Oversight Failure 1 — No Tool Assessment Before Use
The attorneys deployed ChatGPT for legal research without understanding what ChatGPT is and isn't capable of. Schwartz described it as a "super search engine." It isn't a search engine at all. It doesn't retrieve information from databases. It generates text. That distinction, retrieval versus generation, is the most important thing anyone needs to understand before using a generative AI tool for any professional purpose. Nobody asked that question before using the tool in federal court filings.

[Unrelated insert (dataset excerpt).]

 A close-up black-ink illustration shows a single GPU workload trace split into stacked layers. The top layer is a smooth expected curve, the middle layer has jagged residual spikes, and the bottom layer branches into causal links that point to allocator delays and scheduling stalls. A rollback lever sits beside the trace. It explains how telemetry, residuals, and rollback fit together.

Oversight Failure 2 — No Independent Verification Process
Every professional context that involves consequential outputs needs a verification step that is independent of the tool that produced those outputs. In legal research, that means checking every citation against Westlaw, LexisNexis, or the actual court's docket before filing it with a judge. The attorneys skipped this step entirely. When they needed to verify the citations, they asked ChatGPT to verify them. That's not independent verification. That's a closed loop between the tool and itself.

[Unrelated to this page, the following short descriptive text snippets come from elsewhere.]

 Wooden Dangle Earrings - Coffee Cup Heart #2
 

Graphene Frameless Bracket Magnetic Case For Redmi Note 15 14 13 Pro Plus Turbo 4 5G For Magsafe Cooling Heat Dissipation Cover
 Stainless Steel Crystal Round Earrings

Oversight Failure 3 — Continued Inaction After Warning
When Avianca's attorneys flagged that the cases couldn't be located, that was a warning signal that should have triggered immediate investigation and disclosure. Instead, the attorneys submitted fabricated documents generated by the same tool that fabricated the original citations, and did not disclose the role of ChatGPT until formal sanctions proceedings were underway. The court found this sequence particularly telling. The error compounded because no one was exercising professional judgment over the AI's output at any point in the chain.
NIST AI RMF Analysis
Framework source: NIST AI 100-1
GOVERN — Failed Before the Tool Was Opened
What should have existed: an acceptable use policy defining which AI tools are permitted for which professional tasks, clear categorization of legal research as a high-stakes function requiring verification protocols, named accountability for the accuracy of AI-assisted work product, and training on the capabilities and limitations of generative AI tools before professional use. What existed: no policy, no categorization, no protocol, and one attorney's intuition that a text generation tool worked like a database search. GOVERN is foundational. Without it, the other three functions have nothing to land on.
MAP — The Risk Was Identifiable and Identified by the Vendor
What should have existed: a risk assessment that identified the deployment context (federal court filings), the stakes (professional sanctions, client harm, judicial integrity), and the known limitations of the specific tool being used. What was available and ignored: OpenAI's own documentation clearly states that ChatGPT can produce incorrect information and should not be relied upon for factual claims without independent verification. This was not proprietary knowledge. It was publicly available guidance from the vendor of the tool being used. The MAP function requires organizations to understand the context and risks of AI deployment before deployment. That work wasn't done.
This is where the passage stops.